Traditional billing solutions are not designed to easily accommodate new offerings, pricing or testing, which can cause delays in going to market with new offerings and finding the right pricing for existing offerings, delaying revenue and cash once again.

Trying to expand into new markets without billing automation can also delay revenue. For example, if your payment options are limited, you can’t accommodate transactions in markets where credit card and ACH use are less common. It also makes handling exchange rates, transaction fees and settlement more difficult.

Then, there can be delays with collections. Many well-established billing automation systems lack collections and dunning capabilities. That means manual support for collections and aging accounts receivables.

By applying quality renewal management practices using automation, businesses can reduce churn while improving cash flow. Automation optimizes renewals and upgrades as well as collections and dunning. For example, rather than having failed transactions go unpaid, payment retries keep accounts current and prevent involuntary churn. Many unpaid invoices are due to a simple error rather than an unwillingness to pay, so automated dunning makes it easier and faster to make accounts current without jeopardizing customer experience. Using automation, it’s also easier to differentiate between different types of customers, using risk scoring coupled with payment method type to guide dunning, payment retries and collections practices.

Automation Challenges

Of course, automating complex billing isn’t as simple as it sounds.

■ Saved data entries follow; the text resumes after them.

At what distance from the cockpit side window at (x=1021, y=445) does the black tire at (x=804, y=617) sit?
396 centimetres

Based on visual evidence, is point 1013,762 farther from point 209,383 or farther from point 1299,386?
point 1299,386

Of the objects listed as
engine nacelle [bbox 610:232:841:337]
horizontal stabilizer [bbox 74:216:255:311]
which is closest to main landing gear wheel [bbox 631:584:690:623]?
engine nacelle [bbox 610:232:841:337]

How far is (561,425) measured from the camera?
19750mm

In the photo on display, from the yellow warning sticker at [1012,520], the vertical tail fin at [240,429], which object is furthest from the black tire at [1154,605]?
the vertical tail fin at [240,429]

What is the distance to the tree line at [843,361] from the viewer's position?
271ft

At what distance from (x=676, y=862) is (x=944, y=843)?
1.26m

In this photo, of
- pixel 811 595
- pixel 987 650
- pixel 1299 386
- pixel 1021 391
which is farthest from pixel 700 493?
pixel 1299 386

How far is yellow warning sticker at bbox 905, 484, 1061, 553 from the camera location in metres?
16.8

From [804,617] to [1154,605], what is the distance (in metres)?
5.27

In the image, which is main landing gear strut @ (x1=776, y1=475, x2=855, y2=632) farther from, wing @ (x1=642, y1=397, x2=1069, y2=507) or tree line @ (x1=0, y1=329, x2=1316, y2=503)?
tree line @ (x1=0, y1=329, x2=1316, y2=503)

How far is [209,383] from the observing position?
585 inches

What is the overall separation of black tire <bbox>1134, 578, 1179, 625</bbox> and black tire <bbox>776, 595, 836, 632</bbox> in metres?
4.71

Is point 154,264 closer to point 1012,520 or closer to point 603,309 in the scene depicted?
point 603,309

It requires a clear vision of your business goals and objectives and an understanding of your agile monetization goals.

Too many organizations tackle automation projects as technology deployments. Maintaining an agile, automated billing system is a strategic business advantage, and it needs to be sponsored by senior business financial managers with backing from IT. To be successful, you need a senior-level sponsor from accounting or finance with a clear understanding of business goals such as:

Supporting recurring revenue streams.

Enabling new business models, new products and new markets.

Streamlining billing and accounting workflows.

Creating more visibility into billing and financials.

Shortening time to cash

Integrating billing systems with other business processes is an essential part of billing success. For example, product managers may be responsible for pricing goods and services based on different factors. Those factors may change over time, which means changes in pricing. Without integration, those changes have to be managed manually, which means more room for errors resulting in billing miscalculations.

One of the most common errors in any billing system is missing or erroneous data. Inaccurate or missing contact information can mean invoices are lost or never are delivered. There are recurring invoice mistakes, such as incorrect pricing, taxation or calculations, missing due dates and other errors.

Integration with ERP and CRM systems can help eliminate these errors, and general ledger integration is critical for tracking payments and revenue recognition. That’s part of the reason more organizations are standardizing on cloud-hosted financial and billing systems that can integrate with the other components of a native digital front and back office.

Cash flow is the lifeblood of your business, and one of the best ways to optimize cash flow is by automating the order-to-cash process. Not only does billing automation shorten time to invoices and collections, but it also guarantees the billing accuracy you need to run your business. Most importantly, it lays the foundation for business growth in an increasingly digital world.